According to the statement made on the ministry's Twitter account, Akar emphasized that Turkey's support to the brotherly Libyan people will continue with the understanding that "Libya belongs to the Libyans" during the meeting.
Libya's High Council of State reelected al-Mishri as chairman for a fourth one-year term on Tuesday.
Al-Mishri won 73 out of 128 votes in the election in the capital, Tripoli, council's spokesperson Mohamed Nasser told Anadolu Agency (AA).
Libya has recently witnessed positive developments following a breakthrough in which rival parties agreed Feb. 5 on a unified new executive authority to govern in the lead-up to Dec. 24 national elections.
Libyans hope the new authority will end years of civil war that has engulfed the country since the ouster and killing of strongman Moammar Gadhafi in 2011.
On Nov. 27, 2019, the internationally recognized Libyan government signed a security cooperation agreement and demarcation of a maritime border with Turkey.

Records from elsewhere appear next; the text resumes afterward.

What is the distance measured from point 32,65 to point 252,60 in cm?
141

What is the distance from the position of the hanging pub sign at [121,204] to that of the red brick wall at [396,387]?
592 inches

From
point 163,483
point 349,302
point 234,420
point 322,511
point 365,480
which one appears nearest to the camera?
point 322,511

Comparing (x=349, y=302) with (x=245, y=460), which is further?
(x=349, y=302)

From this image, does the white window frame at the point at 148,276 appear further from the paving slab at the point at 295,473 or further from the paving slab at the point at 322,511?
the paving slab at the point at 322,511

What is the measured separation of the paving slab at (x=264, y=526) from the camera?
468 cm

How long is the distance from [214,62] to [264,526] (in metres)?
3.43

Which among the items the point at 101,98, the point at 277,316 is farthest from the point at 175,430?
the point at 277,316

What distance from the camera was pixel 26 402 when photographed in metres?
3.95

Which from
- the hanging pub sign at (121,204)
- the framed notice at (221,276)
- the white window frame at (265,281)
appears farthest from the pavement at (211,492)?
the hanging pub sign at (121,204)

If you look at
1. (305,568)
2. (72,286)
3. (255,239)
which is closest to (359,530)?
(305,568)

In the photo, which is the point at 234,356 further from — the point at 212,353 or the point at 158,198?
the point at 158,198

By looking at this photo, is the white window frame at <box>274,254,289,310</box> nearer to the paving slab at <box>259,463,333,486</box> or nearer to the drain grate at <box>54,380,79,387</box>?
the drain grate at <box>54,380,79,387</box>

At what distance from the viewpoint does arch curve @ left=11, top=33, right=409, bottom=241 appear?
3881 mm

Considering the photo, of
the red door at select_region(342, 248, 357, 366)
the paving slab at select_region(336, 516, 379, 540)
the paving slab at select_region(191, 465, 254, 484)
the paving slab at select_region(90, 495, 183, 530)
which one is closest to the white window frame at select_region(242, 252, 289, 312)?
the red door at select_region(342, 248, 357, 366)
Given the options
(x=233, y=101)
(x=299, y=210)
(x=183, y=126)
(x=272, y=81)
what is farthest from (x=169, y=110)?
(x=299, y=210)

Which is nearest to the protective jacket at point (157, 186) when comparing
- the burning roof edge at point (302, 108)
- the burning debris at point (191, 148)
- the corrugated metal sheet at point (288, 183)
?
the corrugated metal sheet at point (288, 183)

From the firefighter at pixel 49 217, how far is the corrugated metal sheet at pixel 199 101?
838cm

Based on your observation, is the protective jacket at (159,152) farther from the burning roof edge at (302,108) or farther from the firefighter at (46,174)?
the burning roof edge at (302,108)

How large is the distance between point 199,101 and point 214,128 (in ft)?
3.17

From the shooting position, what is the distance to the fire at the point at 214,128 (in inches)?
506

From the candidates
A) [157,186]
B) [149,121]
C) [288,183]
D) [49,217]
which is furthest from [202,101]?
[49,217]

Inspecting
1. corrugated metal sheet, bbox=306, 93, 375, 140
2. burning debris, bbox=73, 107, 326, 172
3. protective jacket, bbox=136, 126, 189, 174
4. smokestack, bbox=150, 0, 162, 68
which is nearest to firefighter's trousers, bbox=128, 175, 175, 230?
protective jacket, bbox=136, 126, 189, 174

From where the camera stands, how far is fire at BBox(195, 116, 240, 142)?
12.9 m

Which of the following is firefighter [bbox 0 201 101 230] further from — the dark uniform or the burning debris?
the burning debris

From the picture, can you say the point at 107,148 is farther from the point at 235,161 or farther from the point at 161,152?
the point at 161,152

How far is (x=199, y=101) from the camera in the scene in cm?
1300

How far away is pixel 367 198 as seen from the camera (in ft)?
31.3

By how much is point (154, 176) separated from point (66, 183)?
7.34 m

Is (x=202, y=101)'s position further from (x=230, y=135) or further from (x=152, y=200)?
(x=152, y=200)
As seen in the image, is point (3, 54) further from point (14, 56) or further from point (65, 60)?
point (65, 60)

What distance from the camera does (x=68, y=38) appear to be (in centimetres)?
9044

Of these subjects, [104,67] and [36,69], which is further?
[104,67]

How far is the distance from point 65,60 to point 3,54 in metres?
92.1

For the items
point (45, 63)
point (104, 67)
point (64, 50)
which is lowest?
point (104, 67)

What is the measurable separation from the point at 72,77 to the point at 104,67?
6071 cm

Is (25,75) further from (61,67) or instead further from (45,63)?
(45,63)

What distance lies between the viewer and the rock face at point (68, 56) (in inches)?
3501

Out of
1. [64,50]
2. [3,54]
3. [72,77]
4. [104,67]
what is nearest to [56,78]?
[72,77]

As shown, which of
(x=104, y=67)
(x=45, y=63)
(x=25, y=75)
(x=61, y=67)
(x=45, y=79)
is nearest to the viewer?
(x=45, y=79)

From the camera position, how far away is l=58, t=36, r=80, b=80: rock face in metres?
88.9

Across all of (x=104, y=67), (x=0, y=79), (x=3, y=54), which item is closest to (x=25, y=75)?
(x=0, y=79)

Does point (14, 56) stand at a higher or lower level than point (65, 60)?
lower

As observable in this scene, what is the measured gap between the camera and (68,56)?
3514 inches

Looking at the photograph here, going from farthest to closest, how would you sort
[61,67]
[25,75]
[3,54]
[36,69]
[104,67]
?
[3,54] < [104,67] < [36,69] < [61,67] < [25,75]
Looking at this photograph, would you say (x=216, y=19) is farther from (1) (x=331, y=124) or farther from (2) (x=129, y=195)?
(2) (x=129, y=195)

The Turkey-Libya deal on maritime delimitation has provided a legal framework to prevent any fait accompli by regional states. Accordingly, the attempts by the Greek government to appropriate huge parts of Libya's continental shelf, since a political crisis hit the North African country in 2011, have been averted.
The agreement also confirmed that Turkey and Libya are maritime neighbors. The delimitation starts from Turkey’s southwestern coast of Fethiye-Marmaris-Kaş and extends to the Derna-Tobruk-Bordia coastline of Libya.
Furthermore, within the scope of the security agreement, Turkey has started providing military training to Libyan soldiers.
Turkey had backed the internationally recognized Tripoli-based Government of National Accord (GNA), against the eastern-based forces of putschist Gen. Khalifa Haftar, which was supported by Russia, Egypt, the United Arab Emirates (UAE) and France.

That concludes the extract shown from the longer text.